#06 - Let's make something slow, really, really fast.

Yep. We're talking about the EBlade.

At a time when paintballers were in awe of the speed of electro markers, but deep-down loved the feel and accuracy of the Autococker, the question was...surely you could have both?

And guess what. You could.

In the early noughties we released a product called the EBlade which kick-started the next level of our involvement with custom markers and re-ignited a passion for the Autococker that nobody had anticipated.

This was a big deal for us, so we decided to dig a little deeper and ask a few questions (actually, a LOT of questions) to bring you a better insight into how the product came about and what the main protagonists thought about it.

Are you ready to read a lot of stuff? Good. Here we go.


The Nexus EBlade giving it some


So, before we get into the awesome EBlade, you guys brought out your own Cocker didn’t you?
I guess nobody brings out their own Cocker. Custom houses brought out different custom versions of the Worr Games Autococker and that’s what we did too. We used their base platform and in our opinion made it a lot better. So yes we brought out our custom version - the Eclipse Cocker.

How did this go?
It went well. It was another one of those personally driven projects where we wanted to customise markers so they performed better for us (The Banzai Bandits) but we also wanted to sell them in the store. So we made a standard version, if that’s what you can call a custom Eclipse Cocker.

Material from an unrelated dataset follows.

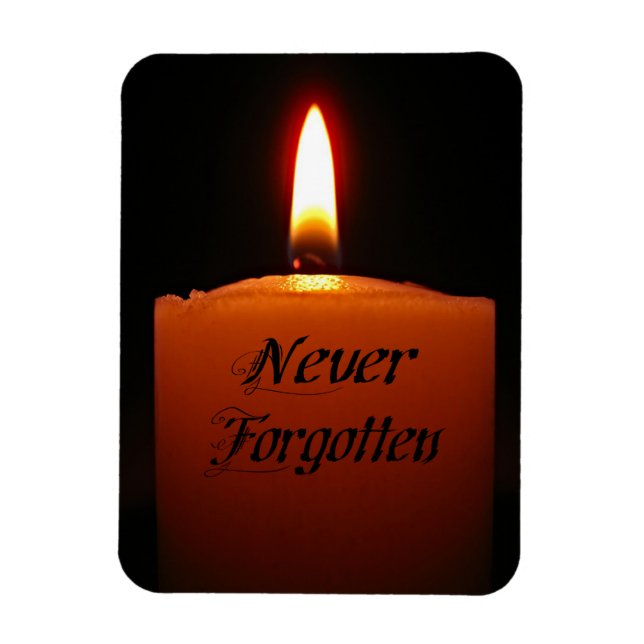 Never Forgotten Remembrance Candle Flame Magnet (Vertical)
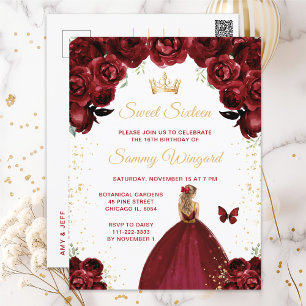 Burgundy Red Blonde Hair Princess Sweet Sixteen Postcard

Did this make other companies in the industry stand to attention? You guys starting to create your own custom marker was a big deal wasn’t it?
Not really. Back then it was pretty hard to find custom markers unless you happened to live near a custom house. We made such small batches of them that we didn’t need to find a lot of customers to sell out and normally there was a back order for them. It’s not like we had stock sitting around. It was a true custom job where most were made to order which included the ano job. Any buzz or interest that was building was happening without us knowing much about it to be honest. It’s only when your fax machine (yes, fax machine…ask your dad) spits out an order for 5 or 10 units to America that you realise people know about your work.


The Eclipse Cocker with standard slide trigger


You also did a few other Eclipse custom markers too at that time. But was the Cocker more involved?
Yeah we did a bunch of stuff, Eclipse Automag, Eclipse Sterling, Eclipse Spyder, Eclipse Bushmaster, Eclipse Shocker, Eclipse Impulse and the Eclipse Angel. I’m not sure it was any more or less involved, it seemed to take a VERY long time to produce any. There were certainly a lot of other people involved in making an Eclipse Cocker that’s for sure, I wish I had pictures of some of the places that we used to machine some of the parts. Breathtaking, and not in a good way.

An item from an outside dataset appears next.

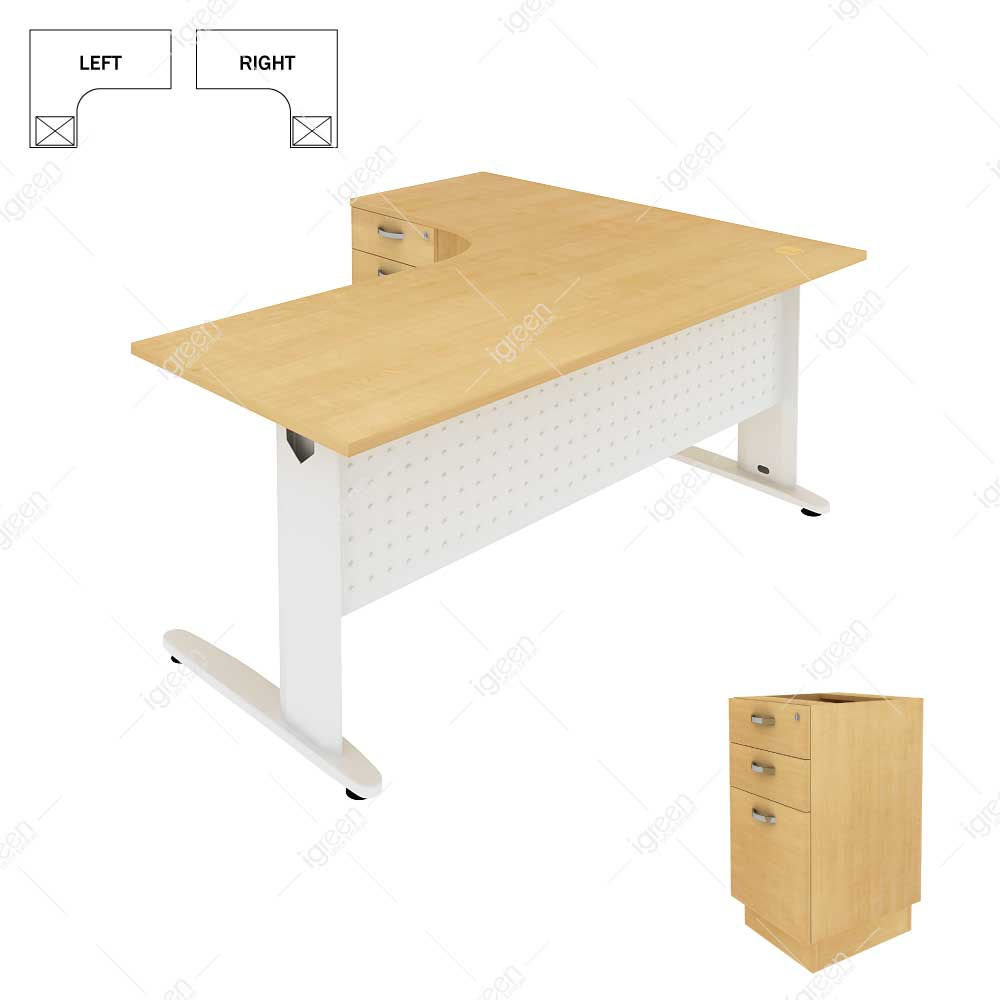 Grow Series L Shape Office Desk + Drawer (2D1F) Grow Series 1800/1500W mm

What did teams and players think of the Cocker?
Certainly a marmite marker (you will need to look that up if you're not in the UK). You either loved or hated Cockers and we even had those people on the Banzai’s. Ledz loved the Cockers and so did 50% – 60% of the Banzai’s but we had others that loved the Mag and the Icon Z1 or Impulse / Shockers. The Banzai’s were pretty lucky at the time; we managed to get Sponsorship from Worr Games and Smartparts at the same time who only wanted to have a certain percentage of their guns on the field at any one time. You won’t see that these days and please don’t ask us to allow it. We won’t.


The Banzai Bandits rocking some early Banzai splash 


It wasn’t that long after its release that you then brought out a Blade trigger. Why did you bring this out?
It was the start of the speed race. People wanted faster shooting markers and electro’s hadn't quite taken hold properly yet so Jack invented the Hinged Blade Frame that made higher rates of fire much easier to achieve on the Cocker.

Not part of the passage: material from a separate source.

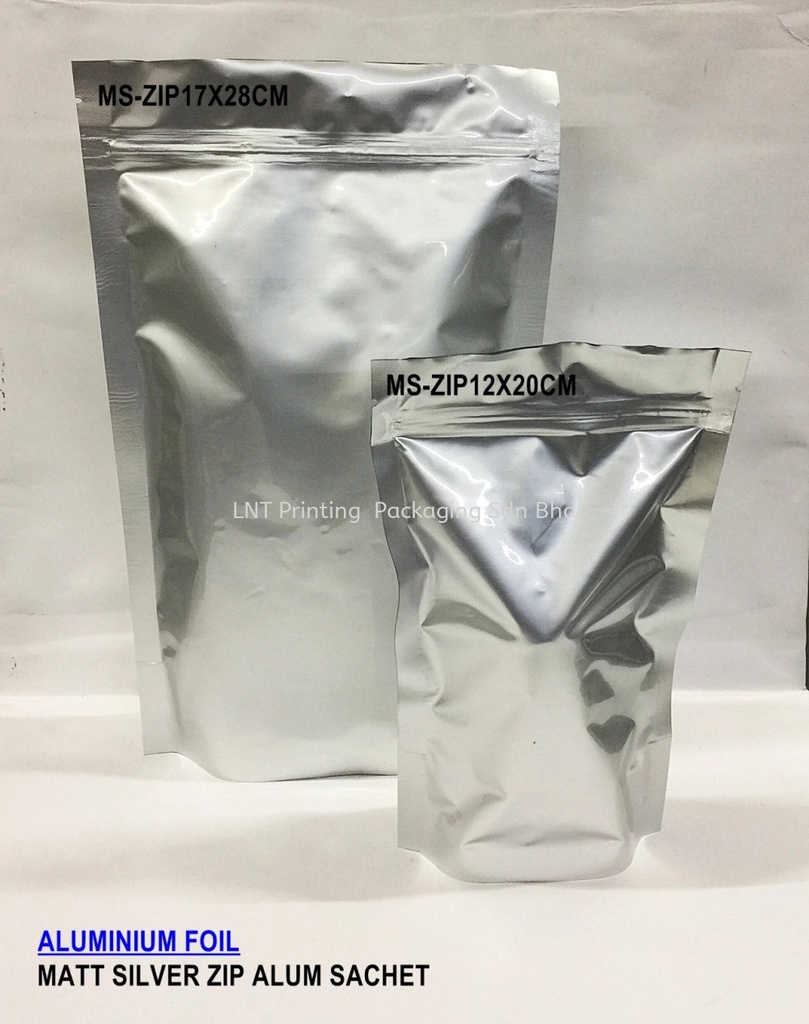 MATT SILVER ZIP ALUM SACHET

And then…then you brought the hammer down with the EBlade. To those who don’t know, what is it?
The EBlade was an electronically controlled replacement frame for the Autococker. It turned pneumatic Cockers into super fast shooting E-Cockers. If this had not happened when it did I believe the Cocker platform would have died a lot sooner. I know a lot of people will say ‘Cockers will never die’ but back then people wanted speed and that’s what the EBlade gave them.

Tell us how the idea to create one of these actually came about?
One of the players on the Banzai’s (Steve ‘Flash’ Monks) was also an electronics expert and during our endless chats about everything paintball he said he would like to get involved in making the electronics for the frame. We had no idea of how this would work but took the leap of faith (as did he leaving his job) and is still here to this day. Flash is at the heart of every Planet Eclipse marker. Jack is a chief designer but nothing goes bang unless Flash says it does.


Eclipse Cocker with hinged Blade trigger

What was so great about the EBlade?
I just think it followed the same core beliefs that we still have today, It just worked. Cockers have always been a pain in the ass to tune and keep tuned. Slapping an EBlade on them gave you the speed, functionality and performance that a lot of players were looking for, or should we say DEMANDING.

Cockers have so many moving parts so how tricky was it to make a fast electronic trigger frame that didn’t shake the marker to pieces?
We had already been working for years on making pretty much all the parts of the Cocker work better. So once we had to install the EBlade we actually took off some of the parts that could break. Also during part of the fitting process we installed a reflective eye system which on its own makes playing paintball so much better.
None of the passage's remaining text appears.